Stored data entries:
== Segment start ==
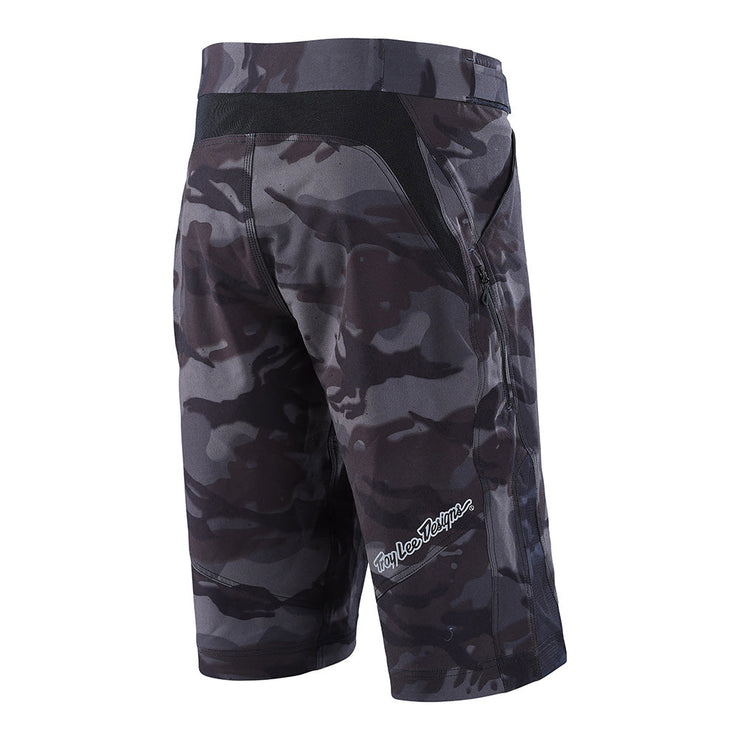 Troy Lee Designs Ruckus Short spray camo black back view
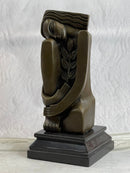 Signed Salvador Dali Abstract Woman Bronze Marble Base Figurine Hot Cast Figure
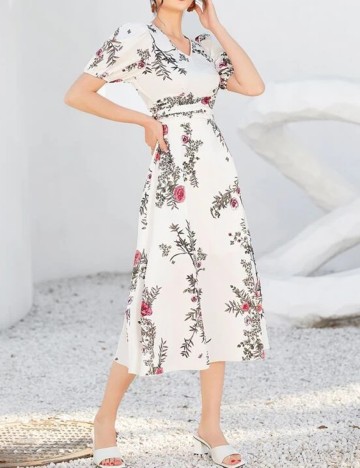 Rochie Medie SHEIN, crem, M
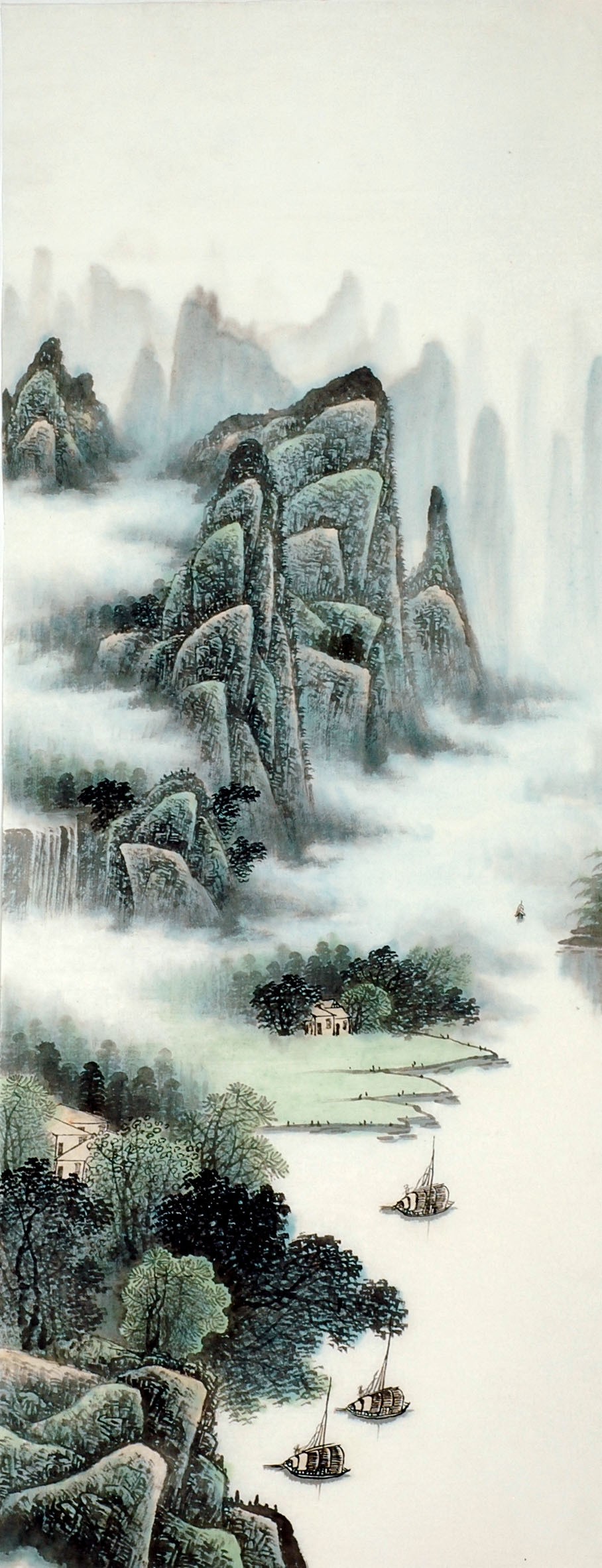 Chinese Landscape Painting - CNAG009550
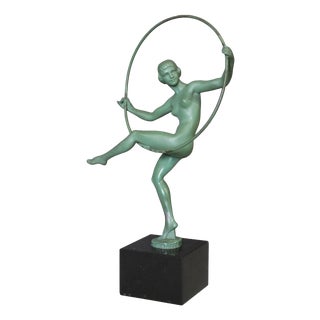 Art Cast Hoop Dancer Babbitt by Briand 1930 For Sale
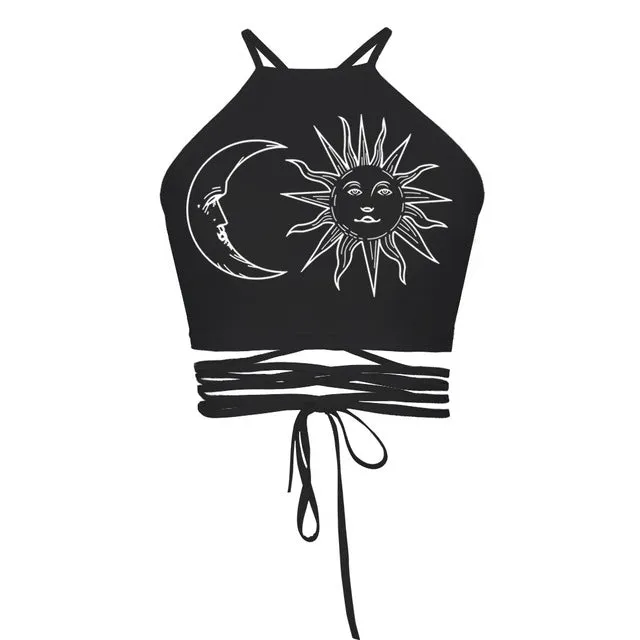 UIDEAZONE Cropped Top Female Halter Top Camis Vest Brandy Melville 3D Creative Sexy Debardeur Women Strappy Bustier Harajuku Top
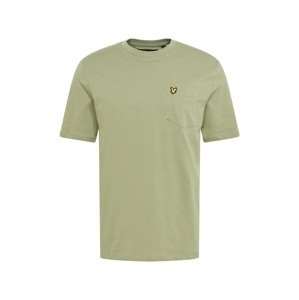 Lyle & Scott Tričko  khaki / černá / žlutá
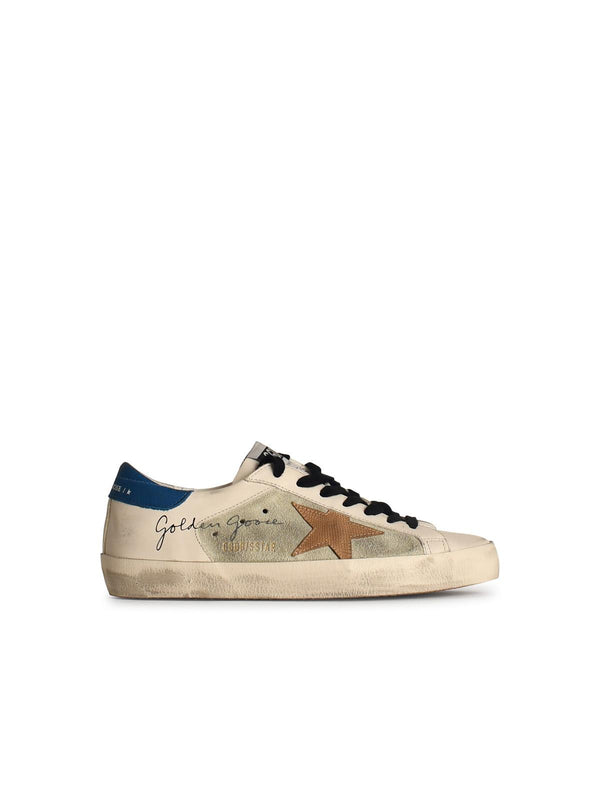 Golden Goose 'st. Beige' White Leather Sneakers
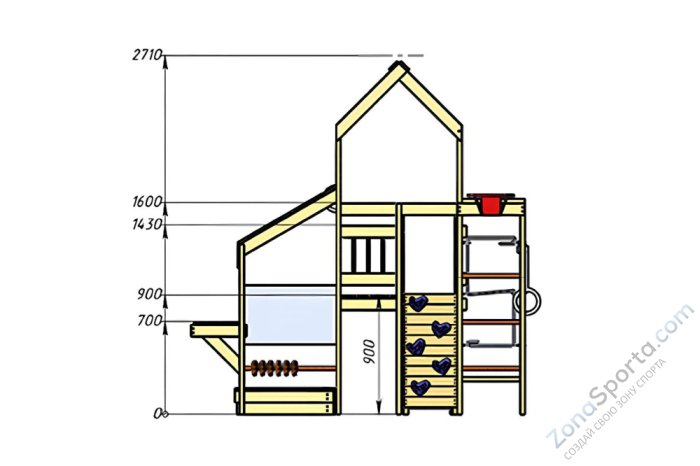 Детская площадка IgraGrad В4 Детская площадка IgraGrad В4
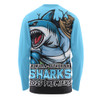 Cronulla-Sutherland Sharks Long Sleeve T-shirt Unleash Power In The Ultimate Battle Cronulla-Sutherland Sharks Long Sleeve T-shirt Unleash Power In The Ultimate Battle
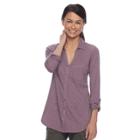 Petite Sonoma Goods For Life&trade; Utility Tunic, Women's, Size: Xl Petite, Purple
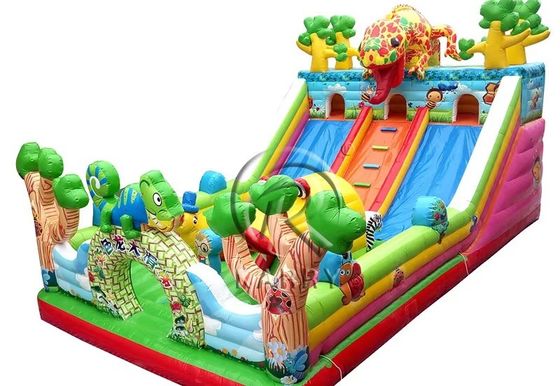14 años de edad Popular Centro Comercial Inflable Fun City Dragón Castillo Rebordante para Niños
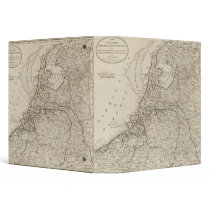 Holland, Friesland, Groningen, Overyssel 3 Ring Binder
== Segment end ==
THE PROBLEM ::
From the records above, write out exactly the lines that begin at the line with "UIDEAZONE Cropped Top" and end at the line with "Ultimate Battle Cronulla-Sutherland". Pictures must not appear in the output.

ANSWER AREA ::
 UIDEAZONE Cropped Top Female Halter Top Camis Vest Brandy Melville 3D Creative Sexy Debardeur Women Strappy Bustier Harajuku Top
 Lyle & Scott Tričko  khaki / černá / žlutá
 Golden Goose 'st. Beige' White Leather Sneakers
 Детская площадка IgraGrad В4 Детская площадка IgraGrad В4
 Cronulla-Sutherland Sharks Long Sleeve T-shirt Unleash Power In The Ultimate Battle Cronulla-Sutherland Sharks Long Sleeve T-shirt Unleash Power In The Ultimate Battle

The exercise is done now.